Francis Sullivan ABC Religion and Ethics 12 Nov 2015
Ever since the conclusion of the recent Synod in Rome, I have been thinking about the signals of change that Pope Francis is sending. He does it in words and by his disposition.
Observers at the Synod frequently commented on the informal and casual style of the Pope. He mixed easily and readily with participants. He didn’t stand on ceremony and was eager for a chat – more a “first among equals” than some sovereign ruler.
This in itself is a marked difference from previous popes. He personifies what he extols: openness, inclusion and “learning as we go.”
It’s not hard to see how such a disposition pays dividends in a world in which the search for truth and meaning can seem so clouded and even crowded out with competing voices, philosophies and ideologies. The fact that Francis doesn’t purport to “have it all sorted” only deepens his appeal to the rest of us who struggle at times to find certainty and a sure path in life.
Pope Francis has a mantra. He speaks often of the mercy of God, not divine judgement. He wants to remind us of the importance of the human heart, the innate urge to feel for others, understand their plight and seek to help. He wants us to see this as the first and most important of the human responses. This is a disposition that builds bridges and heals wounds; a perspective that seeks to restore relationships, nourish people and promote harmony, not division.
Only this week he spoke of a Church unafraid to question itself, live with doubts and the discomfort of interrogating its assumptions; a place of dialogue, with a willingness to embrace the new and the awkward. A church that seeks to reform through becoming unsettled, unsure but close to people, their circumstances, sense of isolation and travail. A church more like a meeting square than a brick bastion.
This reminds me of what Simone Weil meant by paying attention. She said that in order to get a sense of what is true we need to suspend our own agenda and concerns and shift the focus of our attention on to that we encounter.

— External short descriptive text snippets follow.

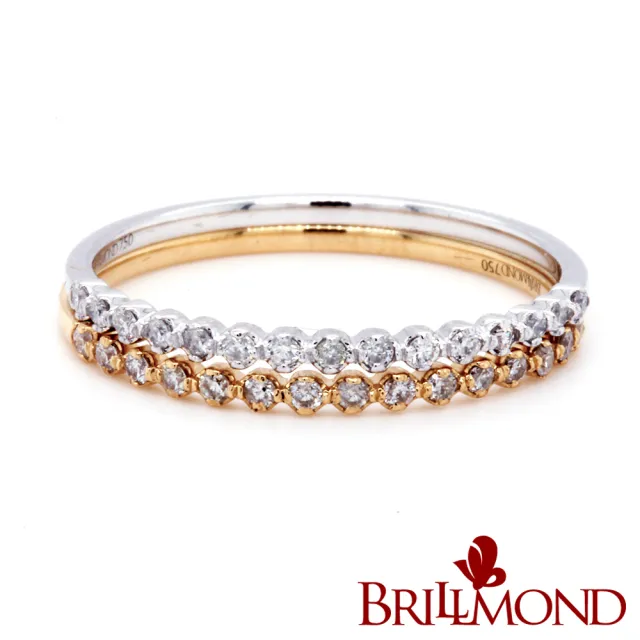 【BRILLMOND JEWELRY】18K金 10分 天然鑽石 極細 鑽石線戒 雙色選(18K金台 天然鑽石總重10分)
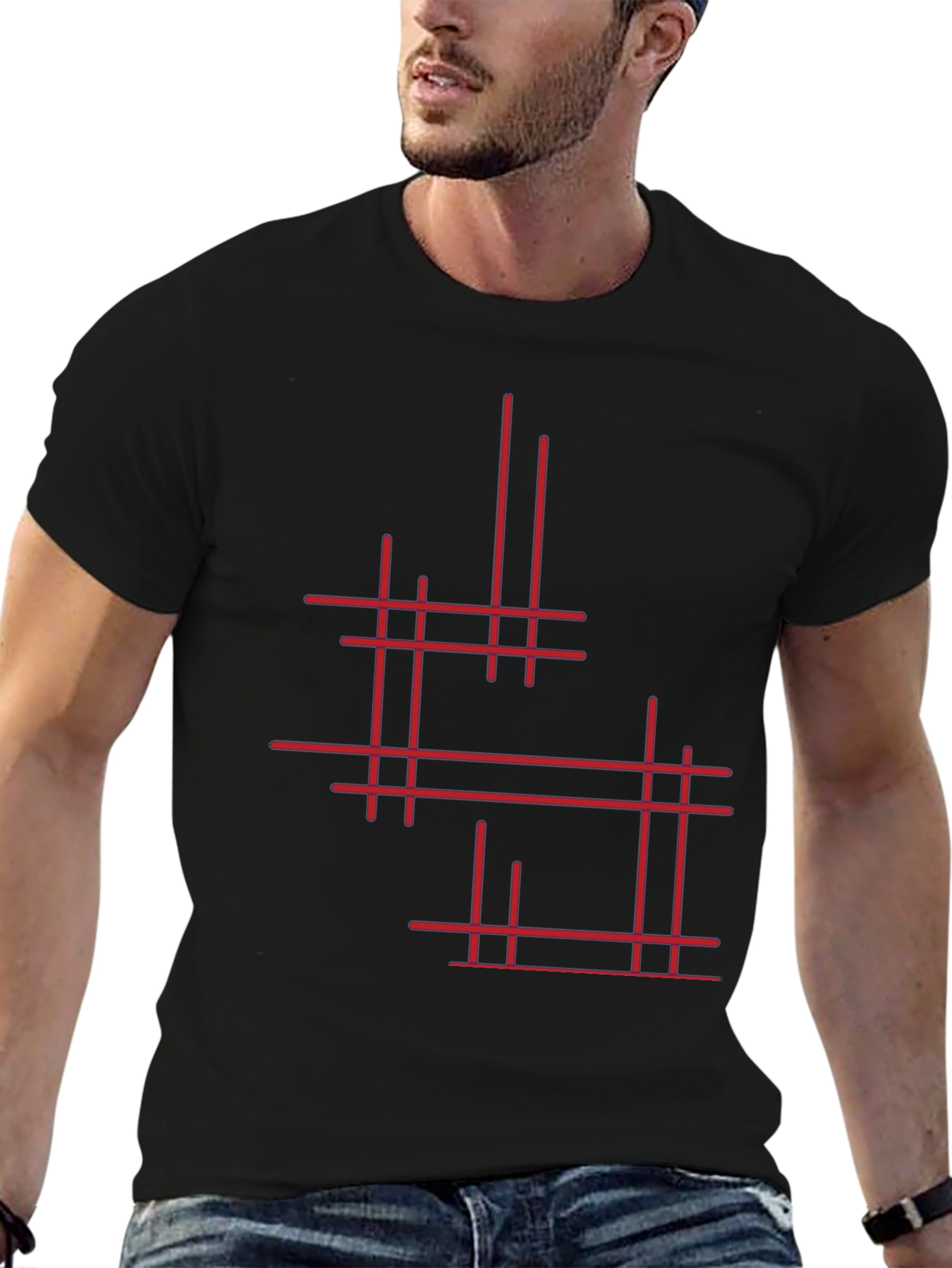 Modern Geometric Line Art Graphic Tee - Black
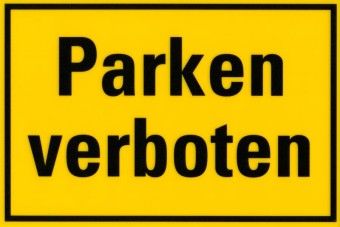 Kunstoffschild 300 mm breit, 200 mm hoch Parken verboten 
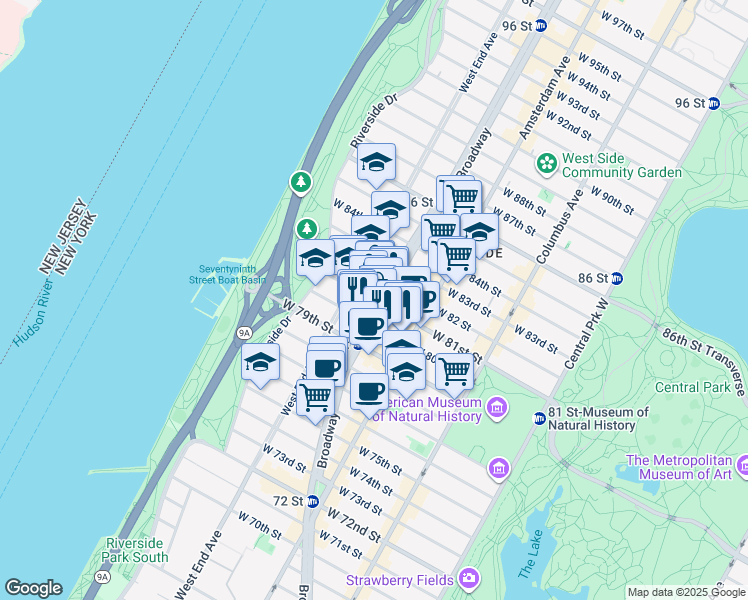 map of restaurants, bars, coffee shops, grocery stores, and more near 255 West 81st Street in New York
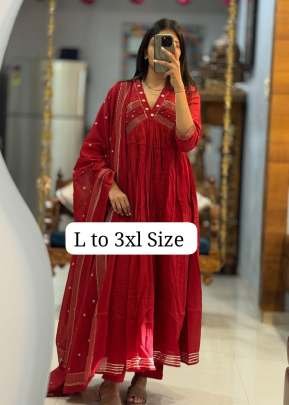 Rajhans Branded Pure Cotton 3 Piece Kurti Set With Handwork  And Dupatta Red Color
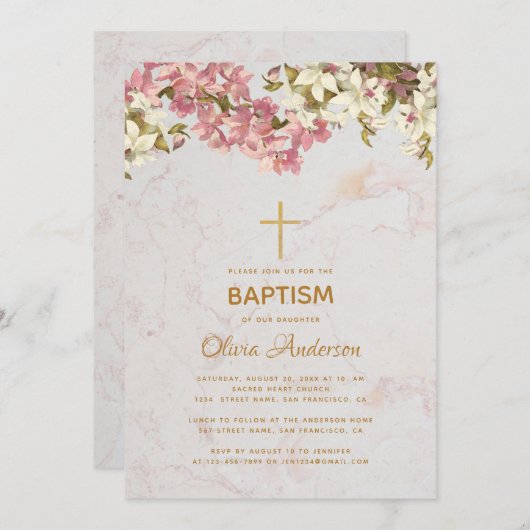 ガールバプテスマフローラピンクオーキッズ金ゴールドクロスマーブル 招待状 (正面/裏面)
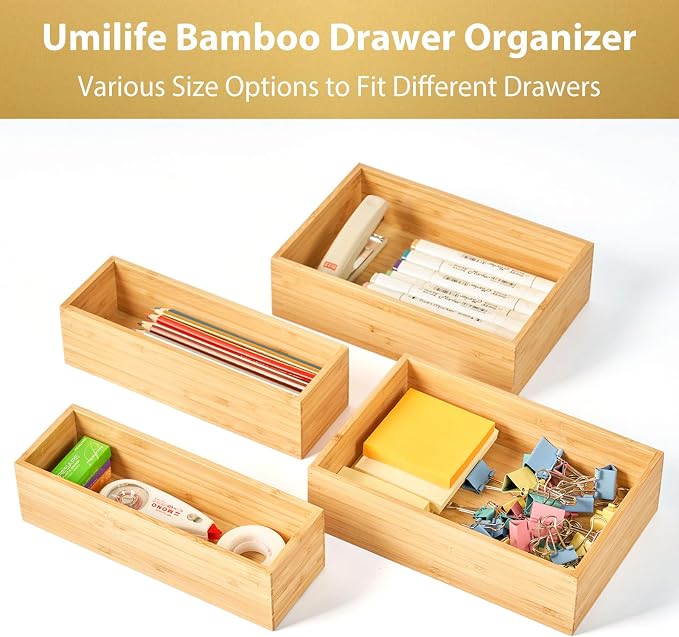 Bamboo Kitchen Drawer Organizer, Extra High Silverware Tray, Flatware Cutlery Storage Box, Multi-Use Holder in Office, Bathroom, Pantry - 9"x3"x2.5" (Set of 2)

In so doing, the truth of that encounter, that dynamic within the dialogue, will be revealed.
This is similar to the maxim that listening is the first step towards wisdom. To listen well is to be aware of the voices in ourselves that try to understand another person long before we have actually heard them. Letting go of preconceived perspectives, attitudes and even understandings is the challenge for a pilgrim church if dedication to truth is to be its hallmark.
The irony is that, in becoming disturbed or, as the Pope puts it, “uncomfortable” – maybe even knocked off course – we are strangely on a pathway more to do with God than any human construct of the Divine.
At one level, we should not be surprised to hear a pope speak and act like this. The fact that we are surprised speaks volumes for the institutional persona the Church has cultivated in many quarters these days.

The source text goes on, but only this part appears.